Why? Why do these things as a tenant?
Well for one thing I have a good landlord. That is something I value. I've had a landlord or two in my life that I wasn't as happy with, and I know what a difference that makes in a tenant's life. For another thing-- it is right. Yup. Its right to be a good steward of someone else's things. Joseph did that too. He refused to be with his master's attractive wife--because he valued his master and appreciated the treatment and trust he had received at his hands.
The New Testament instructs the Christian to be a good steward of the things that belong to others--to one's landlord or boss etc.
And if ye have not been faithful in that which is another man's, who shall give you that which is your own? Luke 16:12.
To me, I look at it this way. This house is a place where I am starting over a new life. I have been through the 'exodus' in a sense, been a refugee from an economic disaster in our life. Now in this time and place someone has given me an opportunity to regroup and rebuild some of what I had before. I have a sense of self dignity when I take care of my landlord's house. I enjoy working with plants again and making the house look pretty. I take pride in it.
In my neighborhood here in Charlotte, many of the houses are rentals. It is an older neighborhood, there are many older residents and younger that own their own homes but there are also many homes owned by investors who are renting them out and hoping to sell them some day when the market is better. Sadly, renters have a bad name here. The homeowning neighbors see renters as a sign of decline- while I see them as a sign that investors still think this neigborhood has potential. I am sort of trying to help that potential. I have good rapport with my homeowning neighbors because they can see that we are not 'letting the place go' as some renters tend to do. I've made an effort to be friendly and keep things up and I've won them over. They now see that just being a renter does not make a person 'less'.

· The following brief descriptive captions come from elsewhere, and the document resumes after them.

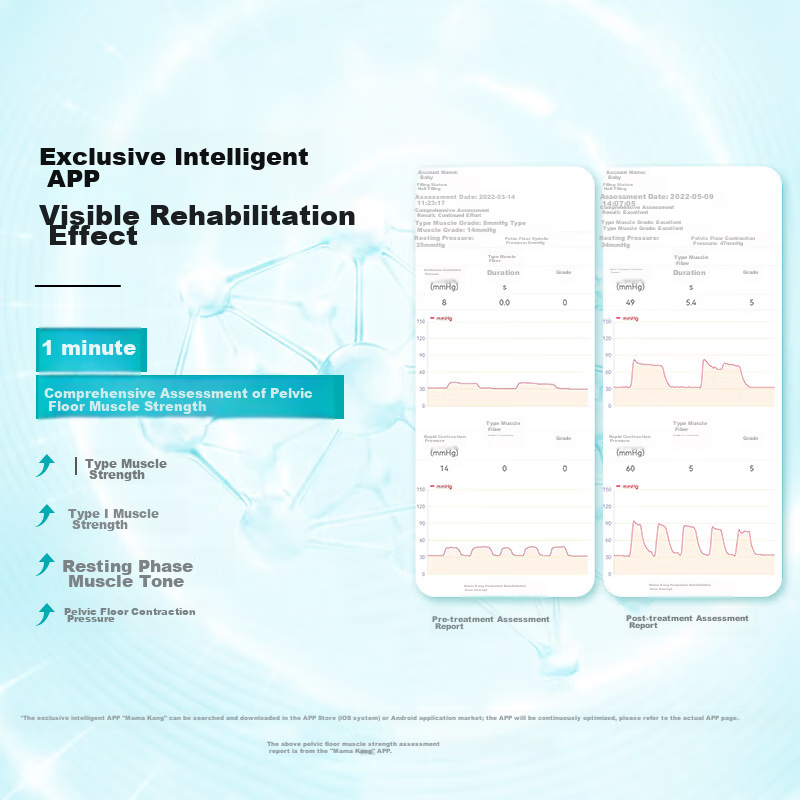 Mamaka Kang [Qixi] Pelvic Floor Muscle Rehabilitation Device, Pelvic Floor Muscl...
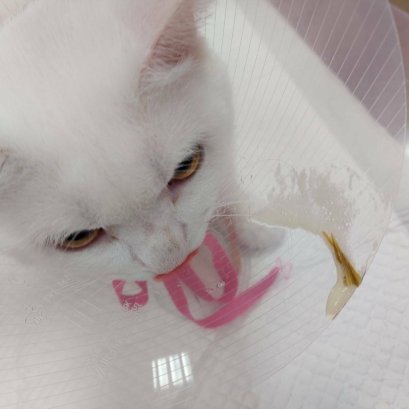 งดน้ำงดอาหารก่อนผ่าตัด สำคัญแค่ไหน ???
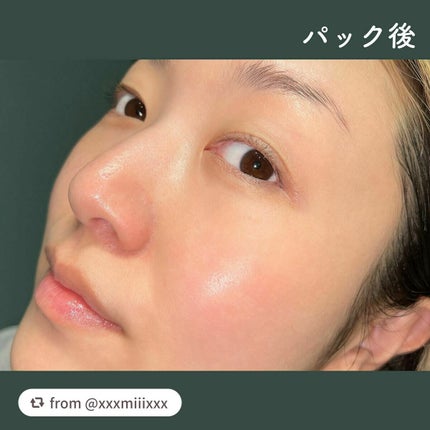 ルルルンプレシャス WHITE(クリア)【旧】/ルルルン/シートマスク・パックを使ったクチコミ(5枚目)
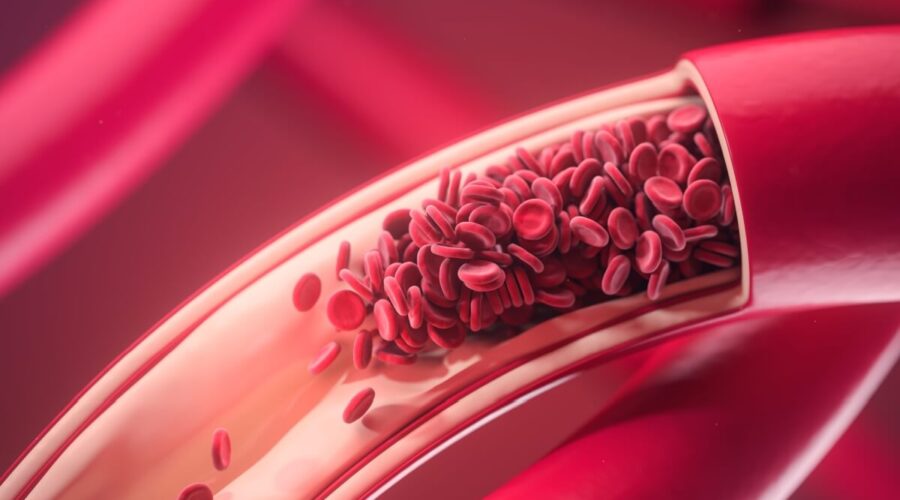 Como o calor e as viagens podem aumentar o risco de trombose no fim de ano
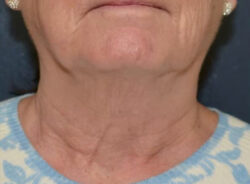 Neck Lift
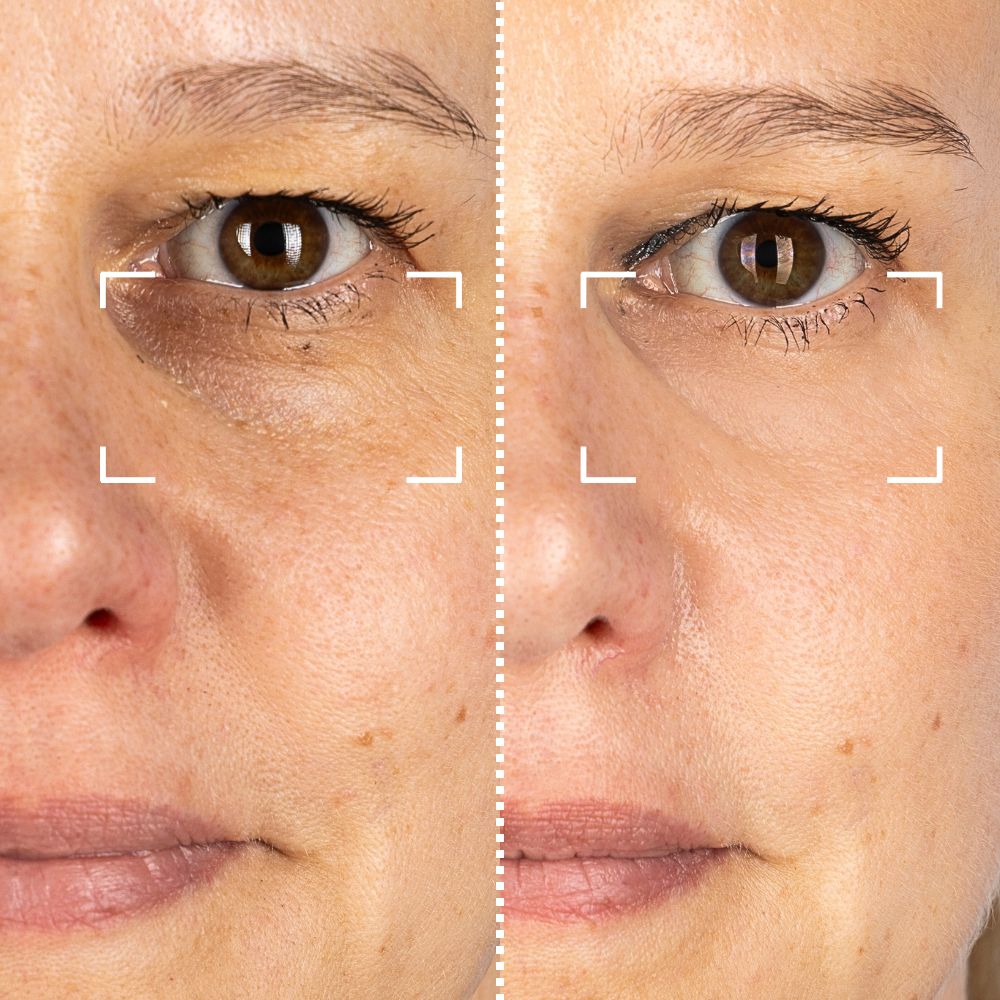 Before & After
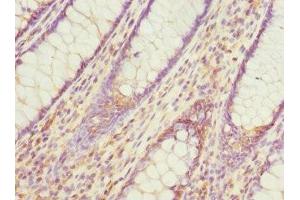 Immunohistochemistry of paraffin-embedded human colon cancer using ABIN7164695 at dilution of 1:100 (PDCD5 antibody  (AA 1-125))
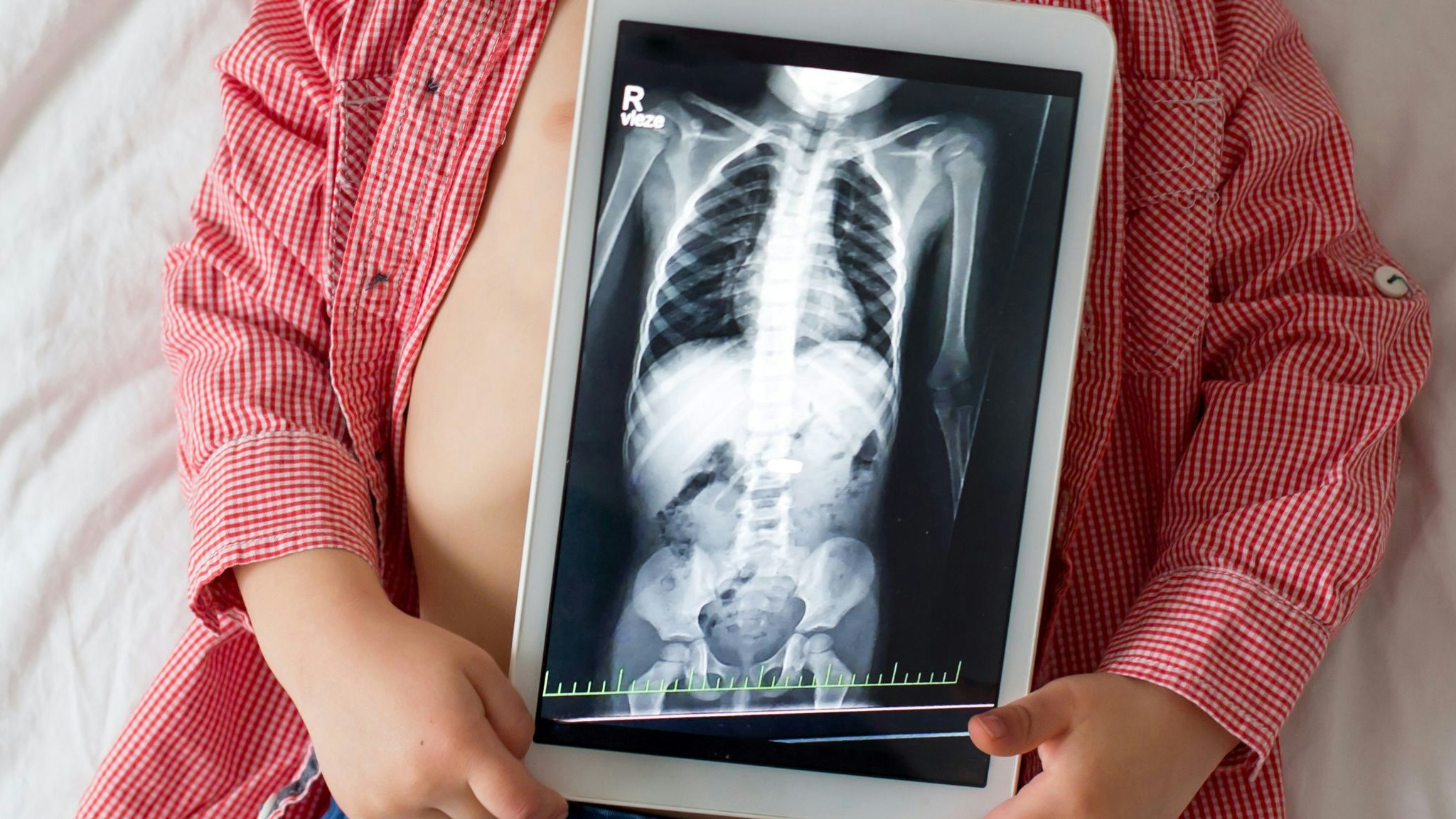 Toddler child, blond boy, holding x-ray picture on tablet of child body with swallowed magnet showing, child swallow dangerous object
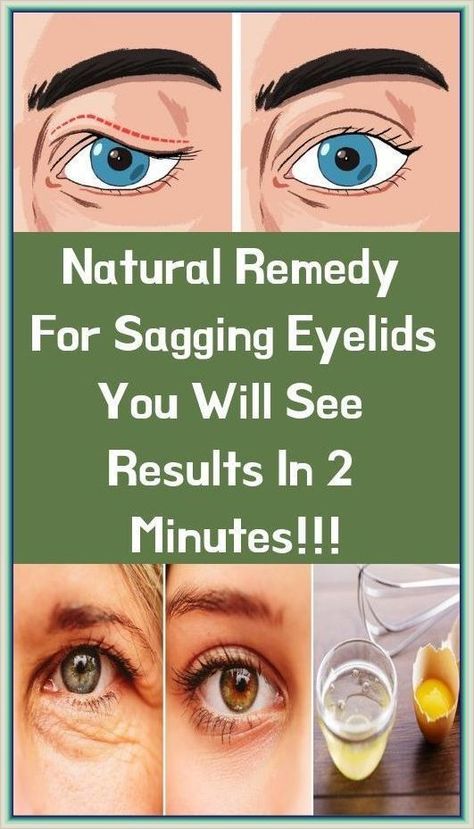 Natural Remedy for Sagging Eyelids-You Will See Results in 2 Minutes! Sagging Eyelids, Droopy Eyelids, Diy Remedies, Natural Therapy, Natural Diy, Natural Remedy, Natural Home Remedies, Natural Healing, Holistic Health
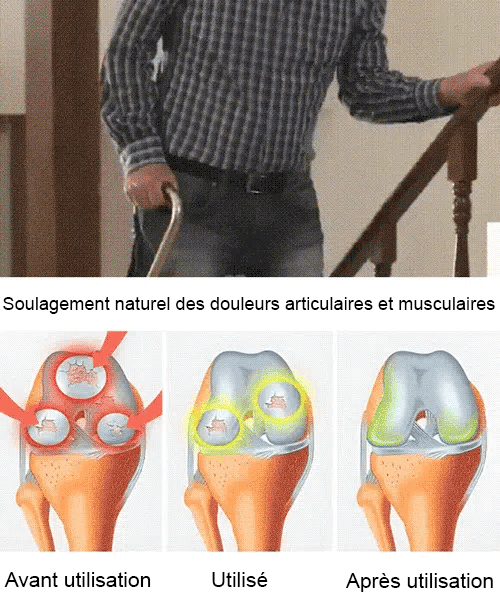 Cherry Tree Seedling [200KG Cherries in 30 Days] 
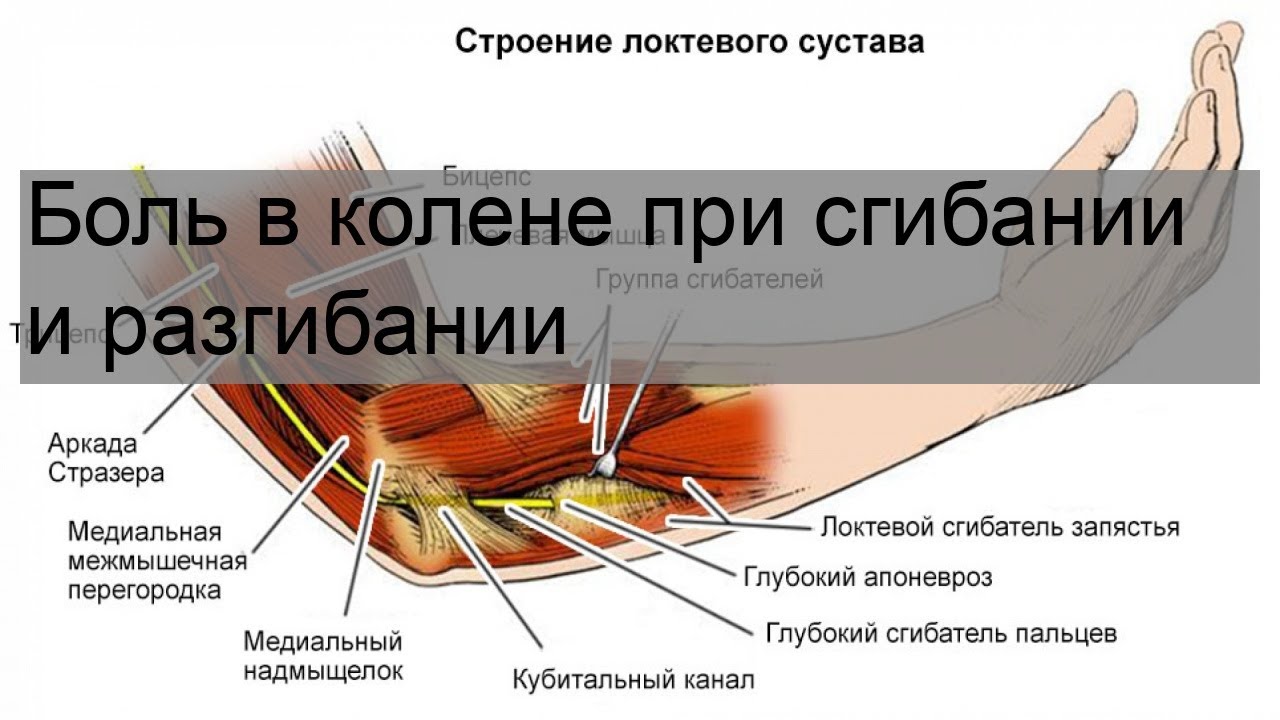 Болит при сгибании и разгибании ноги. Боли в коленном суставе при сгибании и разгибании. Болит колено при сгибании. Боль в колене при сгибании и разгибании. Боли при згибании и разгибание в колене.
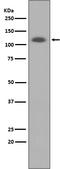 ATP Binding Cassette Subfamily G Member 1 antibody, M01227, Boster Biological Technology, Western Blot image 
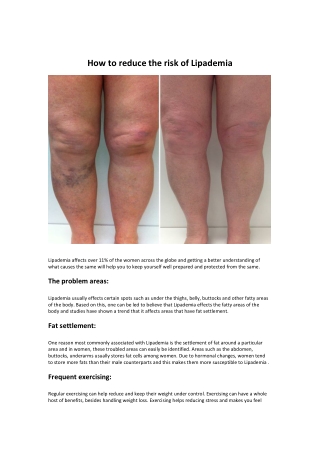 How to reduce the risk of Lipademia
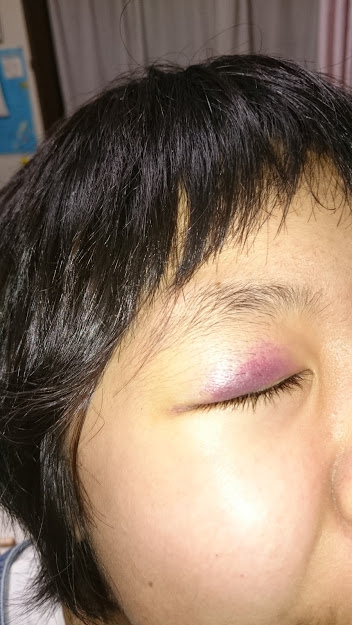 まぶたを押すと痛いのはなぜ？ 考えられる原因や対処法を紹介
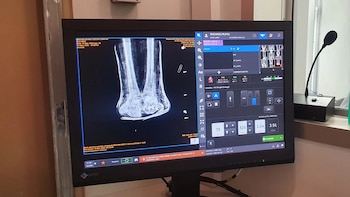Una pantalla de ordenador muestra una tomografía computarizada de las piernas o tobillos de un esqueleto en un fondo oscuro, con texto y controles de software visibles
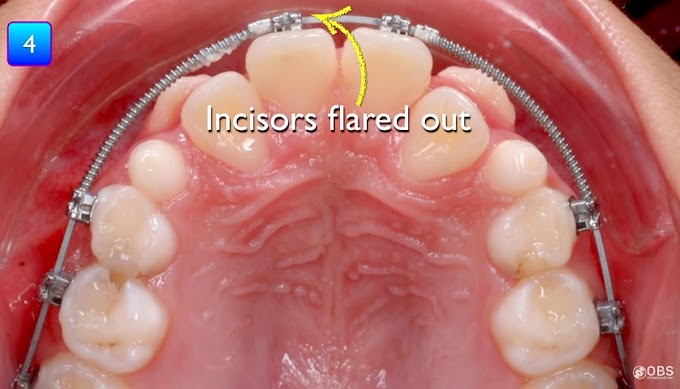 CLINICAL CASE: Bilaterally U2-U3 Transposition in Early mixed Dentitons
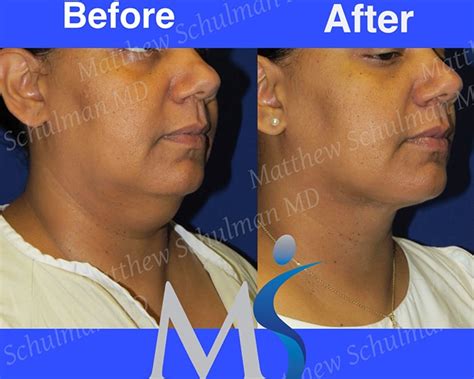 Chin Liposuction Brooklyn Ny Schulman Plastic Surgery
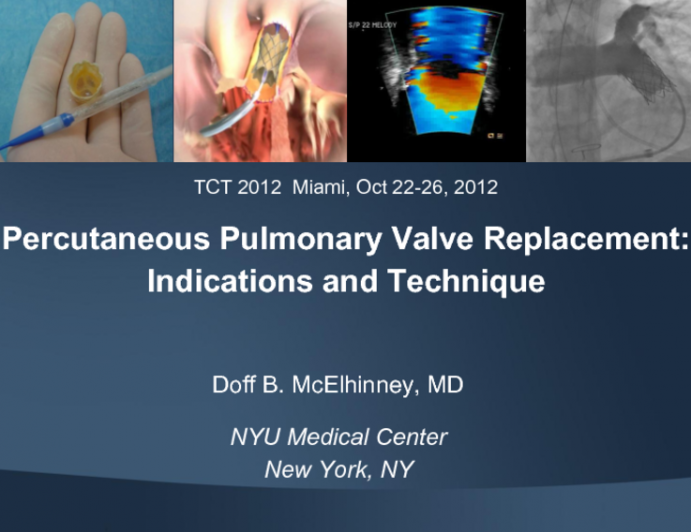 Percutaneous Pulmonary Valve Replacement: Indications and Technique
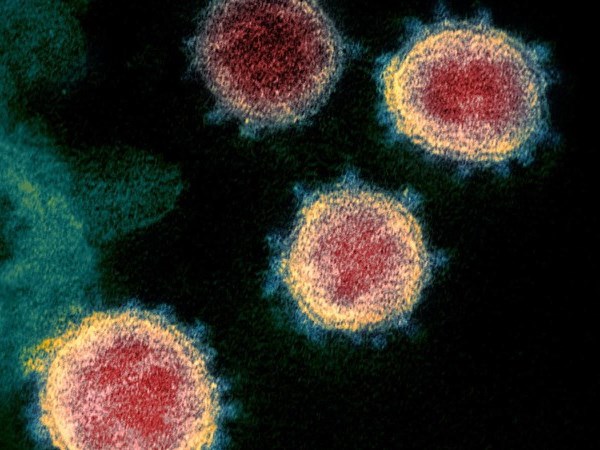 WHO cảnh báo virus Sars CoV-2 có thể không bao giờ biến mất - Anh 1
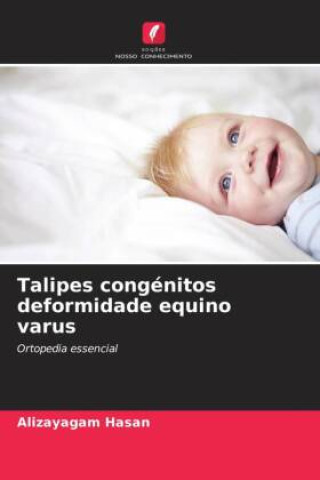Knjiga Talipes congénitos deformidade equino varus Alizayagam Hasan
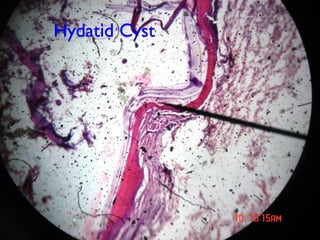 Hydatid Cyst
 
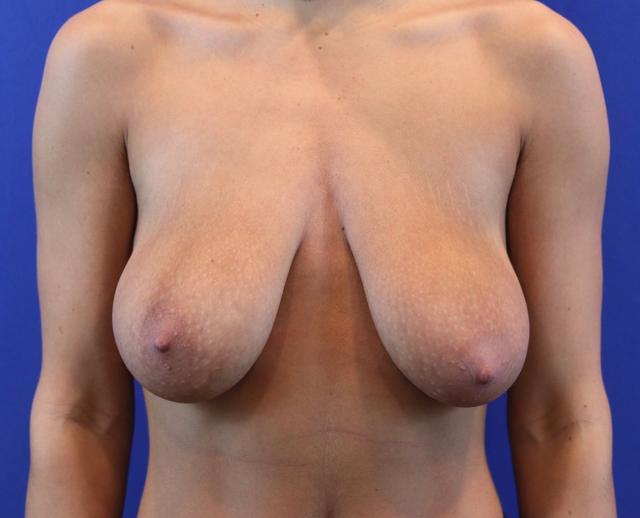 Breast Lift before at Farris Plastic Surgery in Dallas, TX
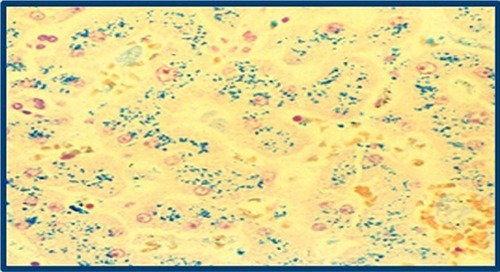 Figure 2 Prussian blue stain of patient’s liver biopsy to rule out any presence of autoimmune disease or viral etiology.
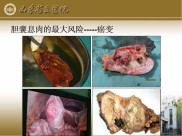 人体胆囊息肉图片 胆囊息肉最佳图片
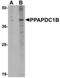 Phospholipid Phosphatase 5 antibody, NBP1-76244, Novus Biologicals, Western Blot image 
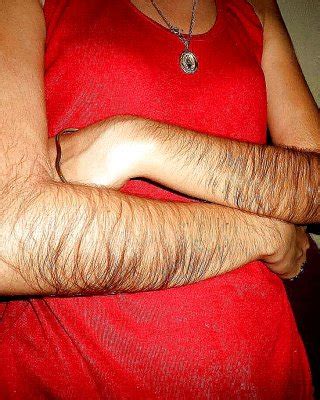Girl With Very Hairy Arms Porn Pictures XXX Photos Sex Images 1304605 PICTOA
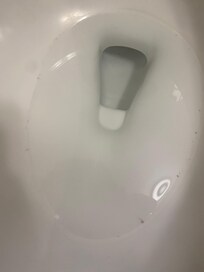 Floaties left behind in toilet water.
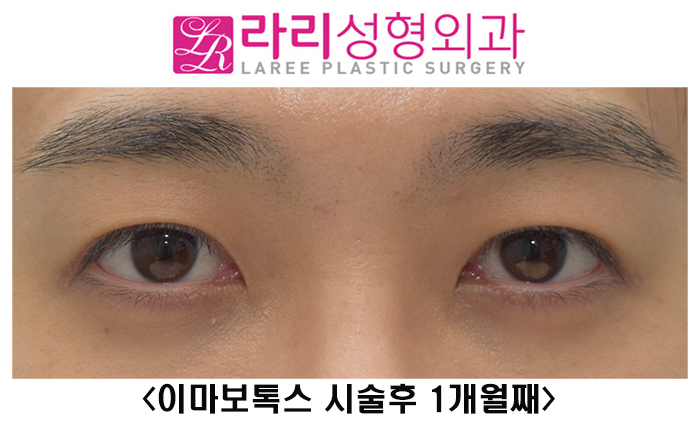 [Lari Plastic Surgery] Should You Get Forehead Botox Before Eye Surgery? image 2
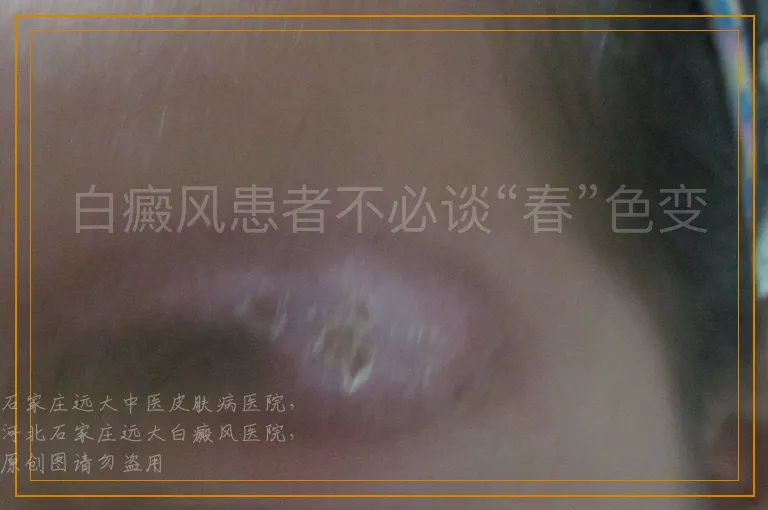 白癜风患者不必谈“春”色变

I pay a reasonable rent and have a home to live in that suits my family well in exchange. I go a step beyond and take care of this house and use my talents and skills to even try to improve it a little. Someday I may have my own again, but now--I see this as from the hand of God--just as much as my own home. For this reason I am happy to be a good steward of that which is not my own. Maybe it is a good humbling that we have been through? Maybe 'having it all' wasn't good for us? I don't know 'why' things happen but I do know that as a Christian I am to believe that God is working in all things for my good, even in the unpleasant things.
The result of all this is that if I am a good steward of my landlord's house I can feel 'right' about my life. When you go through a financial crisis and all the attendant 'life mess' that often results from such an upheaval--its an important thing to 'feel right' again. Being a good steward of something is a great way to attain that good feeling.